The etymology of the word trivia seems to start with Latin tri- = "three", and via = "way", "road", thus trivium, which has been treated in three ways:

  • Where three roads meet, especially as a place of public resort. The Latin adjective triviālis, derived from trivium, thus meant "appropriate to the street corner, commonplace, vulgar." The first known usage of the word "trivial" in Modern English is from 1589; it was used with a sense identical to that of triviālis. Shortly after that trivial is recorded in the sense most familiar to us: "of little importance or significance." Gradually, the word trivia came to be used in English for what in Latin would have called "triviālia", for anything information or concern which is treated as everyday and unimportant.
  • The Three Ways (first known used in English in a work from 1432–1450). This work mentions the "arte trivialle", referring to the trivium, which was the three Artes Liberales (Liberal Arts) that were taught first in medieval universities, namely grammar, rhetoric, and logic. (The other four Liberal Arts were the quadrivium, namely arithmetic, geometry, music, and astronomy, which were more challenging.) Hence, trivial in this sense would have meant "of interest only to an undergraduate".
  • The Roman courier network Cursus publicus which was set up by Emperor Augustus. Messengers traveled the Roman Empire taking messages from one province to the next. At crossroads notice boards would display gossip or news from Rome....hence 'trivia'.

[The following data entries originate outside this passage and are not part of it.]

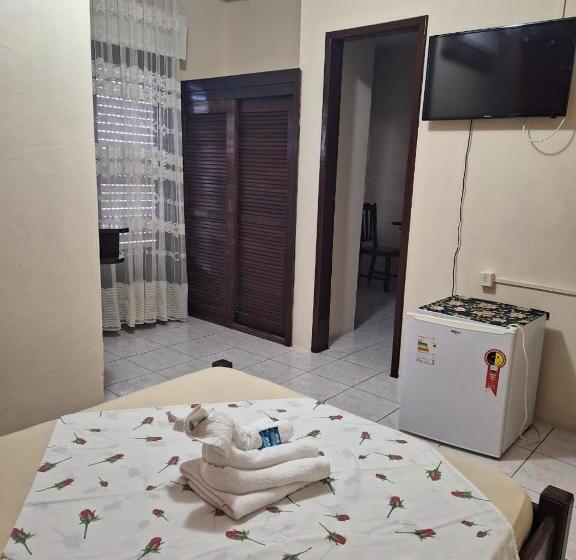 Номер Стандарт Трехместный, Center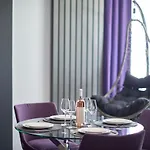 Purple Pearl N Pool * Navodari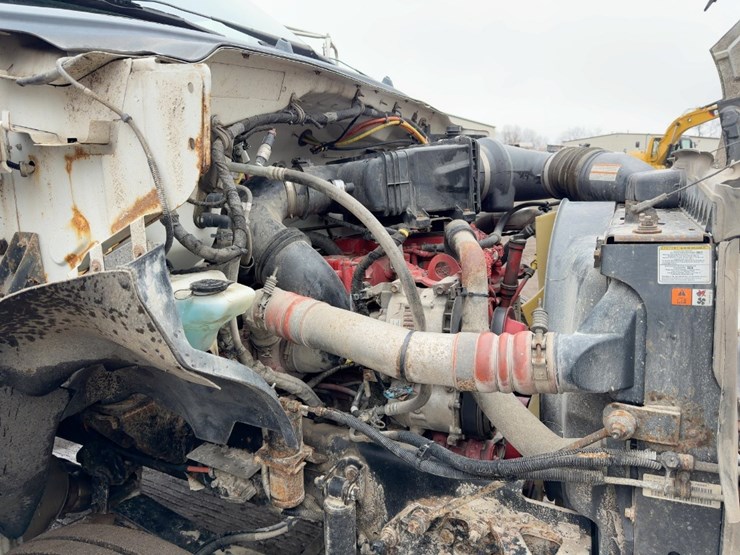 2013-ford-f750-xl-image-11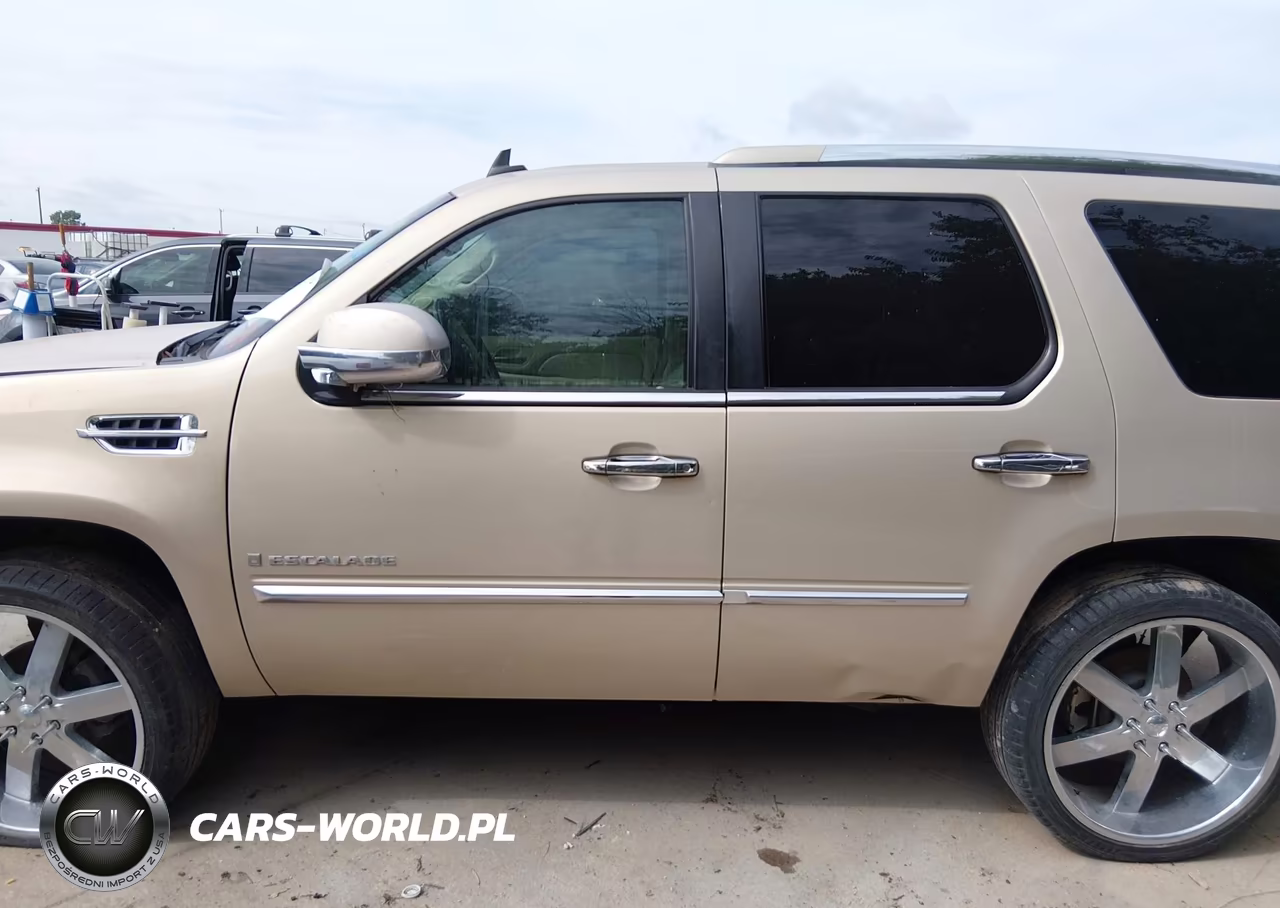 2007 Cadillac Escalade Standard VIN:1GYEC63867R386974 - 13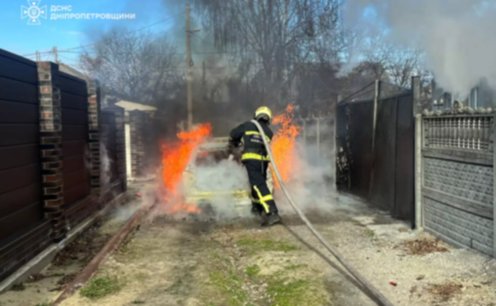 Рятувальники Дніпра ліквідували займання автомобіля в Новокодацькому районі міста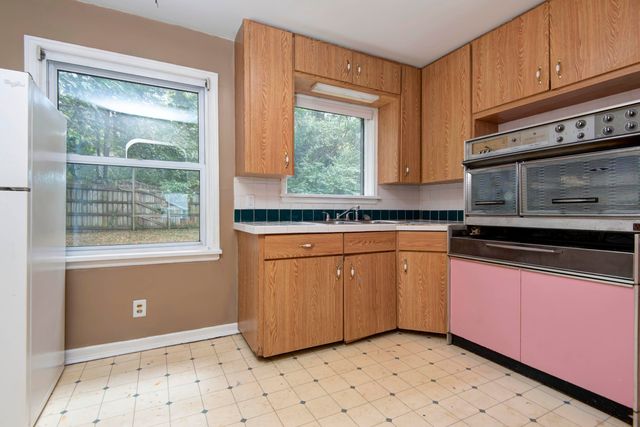 1610 E Cairo Street, Springfield, MO 65802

The word trivia was popularized in its current meaning in the 1960s by Columbia University students Ed Goodgold and Dan Carlinsky, who created the earliest inter-collegiate quiz bowls that tested culturally significant yet ultimately unimportant facts, which they dubbed "trivia contests". The first book treating trivia of this universal sort was Trivia (Dell, 1966) by Goodgold and Carlinsky, which achieved a ranking on the New York Times best seller list; the book was an extension of the pair's Columbia contests and was followed by other Goodgold and Carlinsky trivia titles. In their second book, More Trivial Trivia, the authors criticized practitioners who were "indiscriminate enough to confuse the flower of Trivia with the weed of minutiae"; Trivia, they wrote, "is concerned with tugging at heartstrings," while minutiae deals with such unevocative questions as "Which state is the largest consumer of Jell-O?" But over the years the word has come to refer to obscure and arcane bits of dry knowledge as well as nostalgic remembrances of pop culture.

See also




Unless indicated otherwise, the text in this article is either based on Wikipedia article "Trivia" or another language Wikipedia page thereof used under the terms of the GNU Free Documentation License; or on research by Jahsonic and friends. See Art and Popular Culture's copyright notice.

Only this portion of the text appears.